--- INFORMATION SHOWN ---

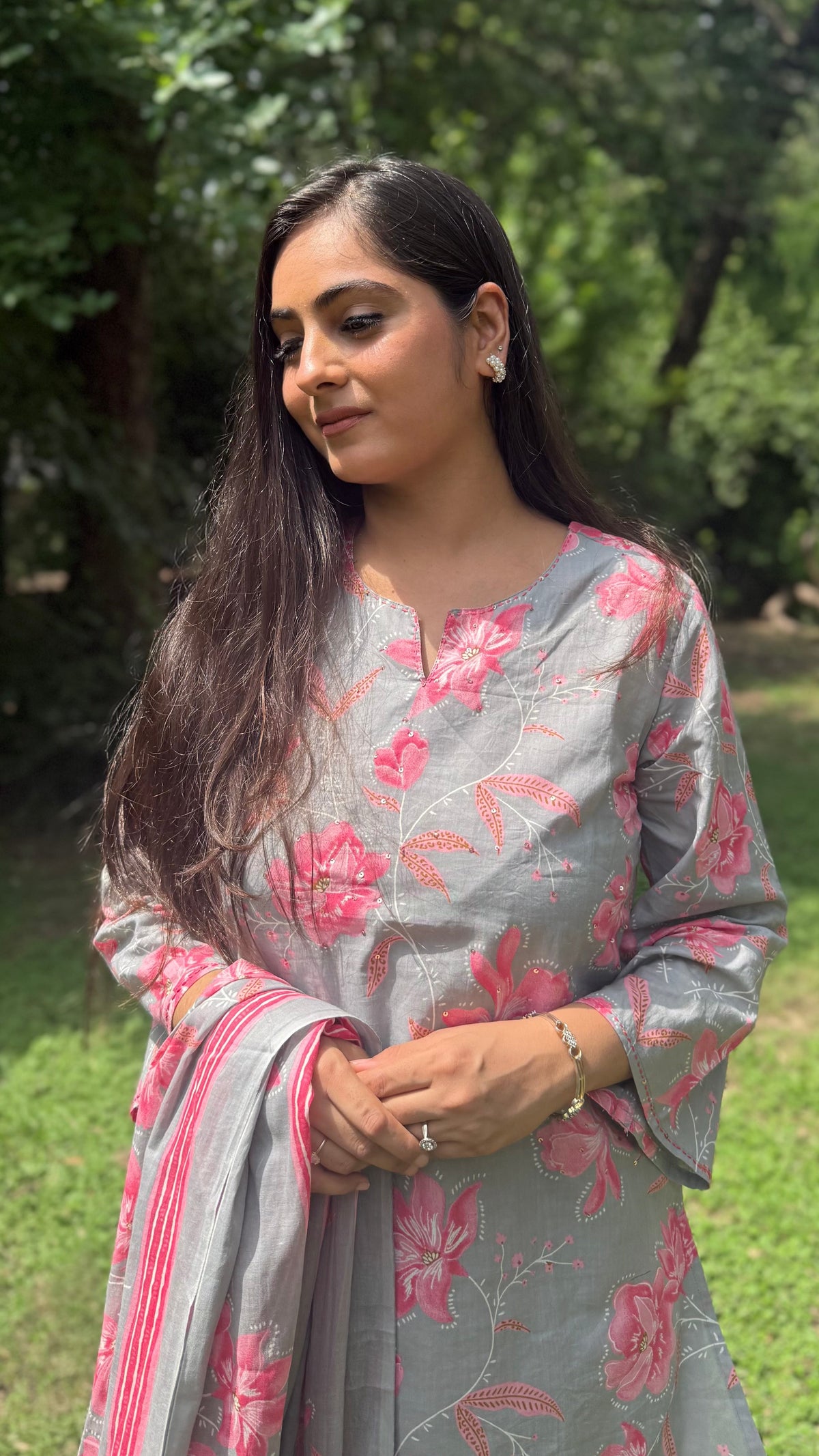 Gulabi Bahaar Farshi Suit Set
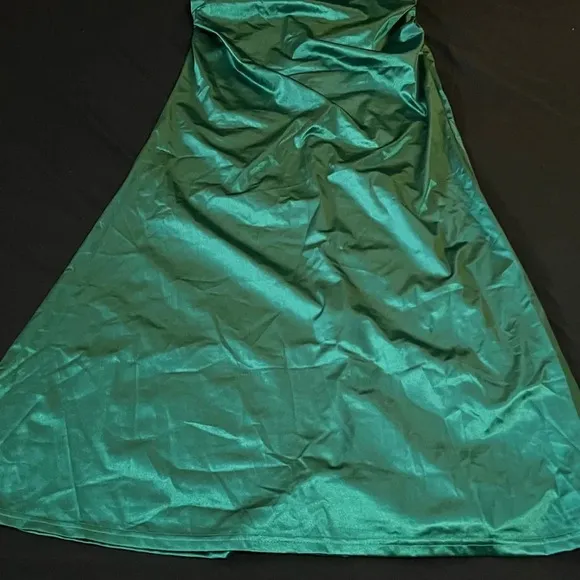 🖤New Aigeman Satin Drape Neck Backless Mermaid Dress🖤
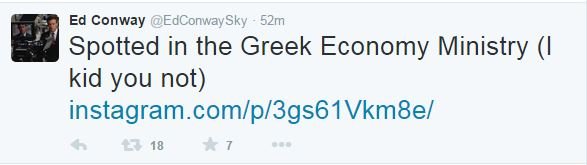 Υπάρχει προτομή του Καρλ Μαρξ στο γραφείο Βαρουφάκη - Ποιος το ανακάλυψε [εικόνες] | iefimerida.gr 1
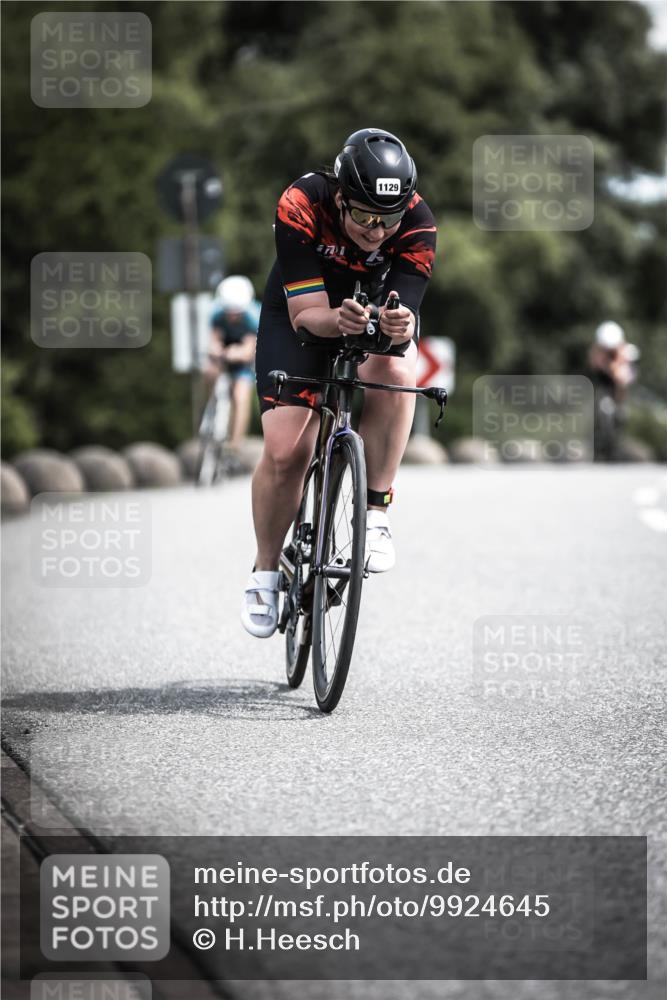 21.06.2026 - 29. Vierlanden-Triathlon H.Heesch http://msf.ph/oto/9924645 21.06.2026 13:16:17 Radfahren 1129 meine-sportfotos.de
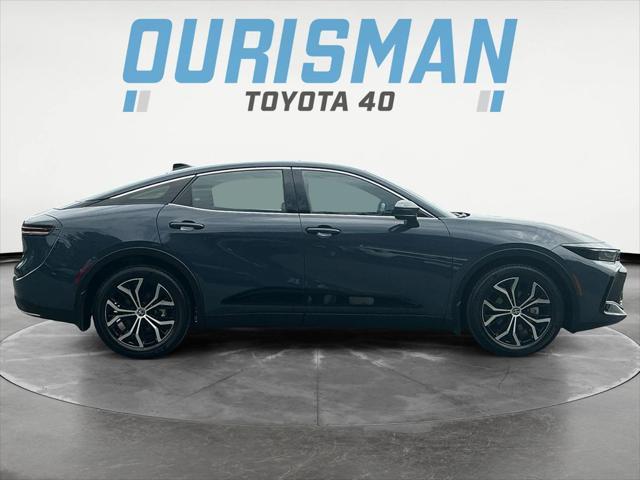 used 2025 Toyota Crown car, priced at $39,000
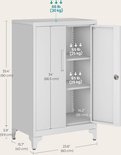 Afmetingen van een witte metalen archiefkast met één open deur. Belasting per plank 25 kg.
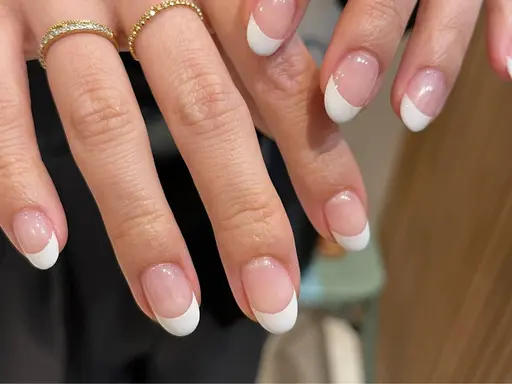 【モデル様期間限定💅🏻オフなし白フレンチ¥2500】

---
--- INFORMATION SHOWN ---

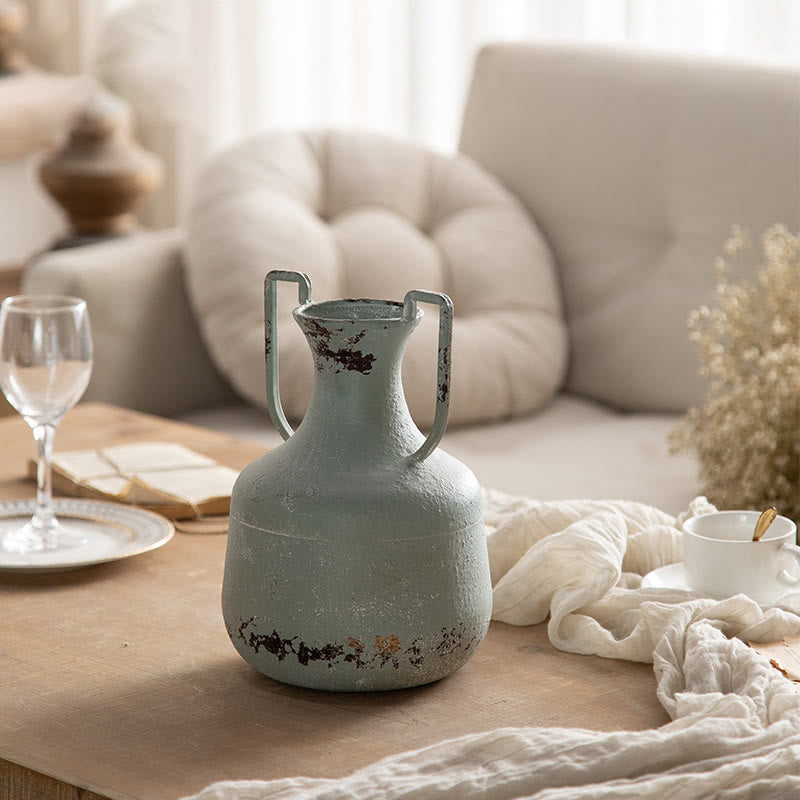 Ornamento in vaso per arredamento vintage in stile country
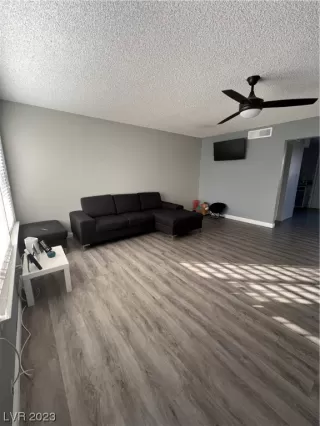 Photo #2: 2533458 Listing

---
--- INFORMATION SHOWN ---

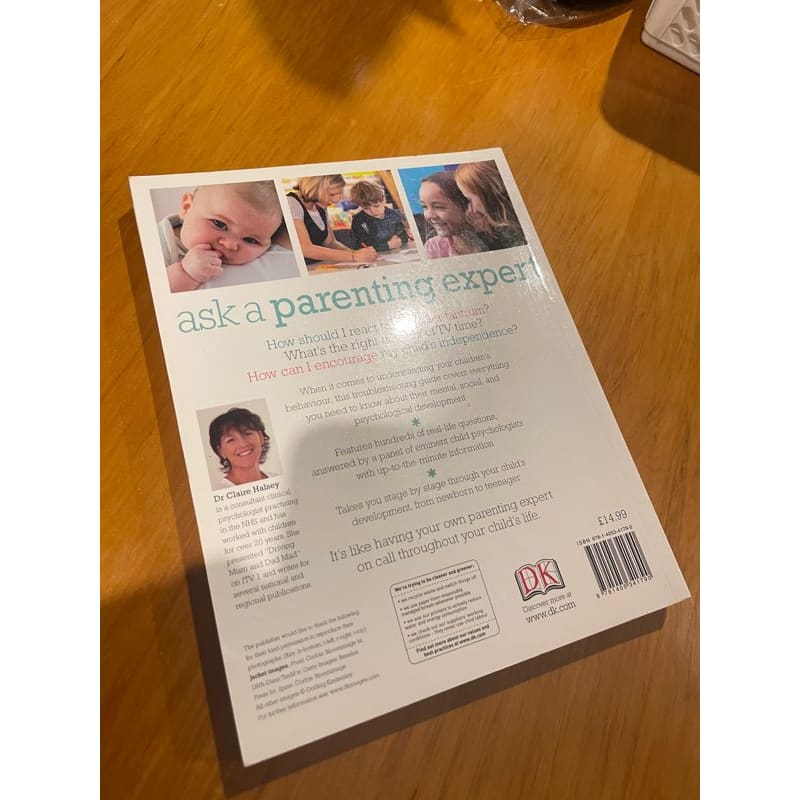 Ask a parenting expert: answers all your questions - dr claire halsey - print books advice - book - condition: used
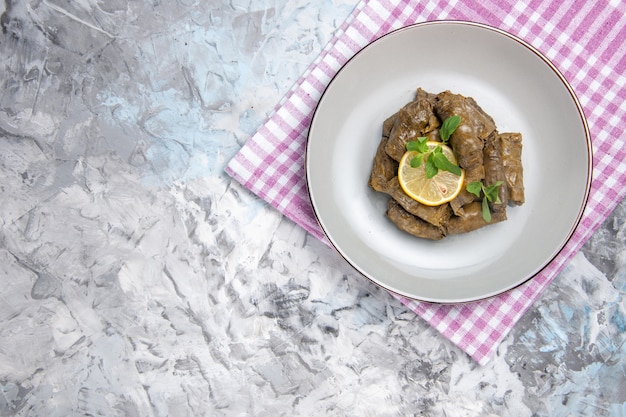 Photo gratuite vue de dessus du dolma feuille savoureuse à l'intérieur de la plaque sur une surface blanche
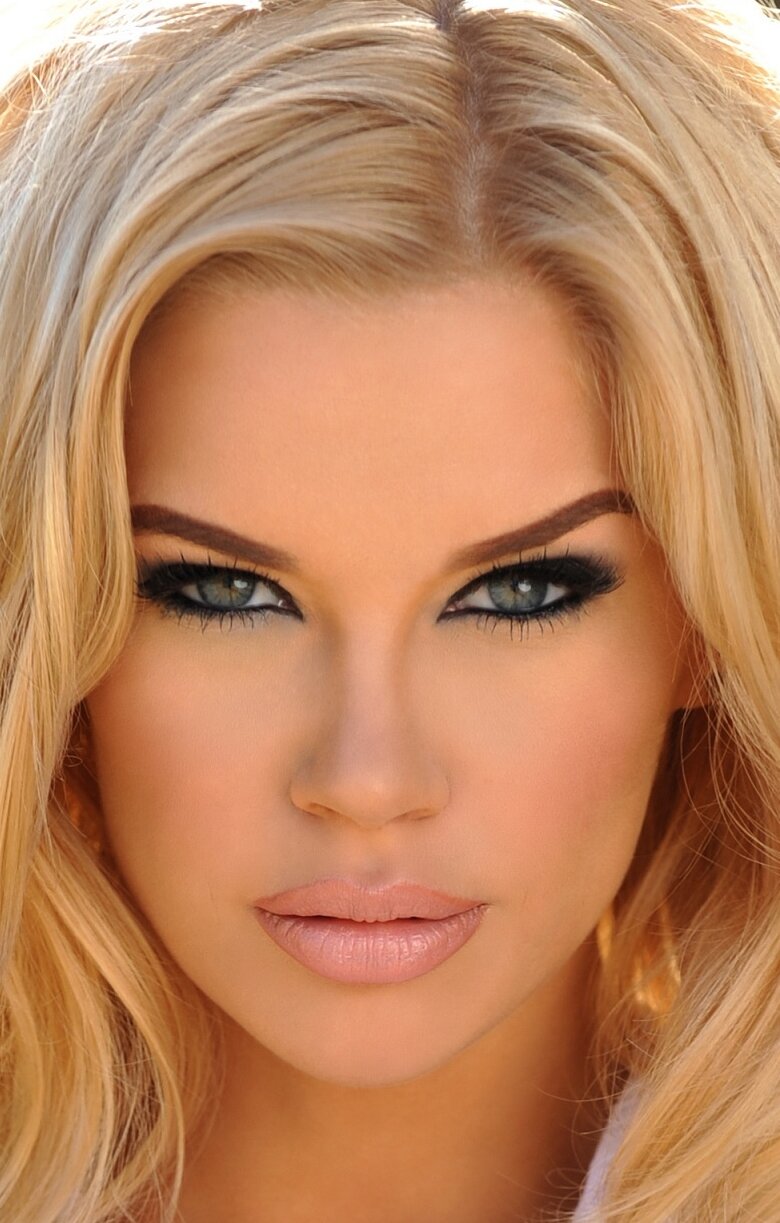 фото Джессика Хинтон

---

• [INSTRUCTIONS TO FOLLOW]: Pictures are to be left out. Write out only the lines above starting at the one with "Ornamento in vaso" and ending at the one with "Photo #2: 2533458 Listing", both lines included, exactly.

• [RESULT]:
 Ornamento in vaso per arredamento vintage in stile country
 Photo #2: 2533458 Listing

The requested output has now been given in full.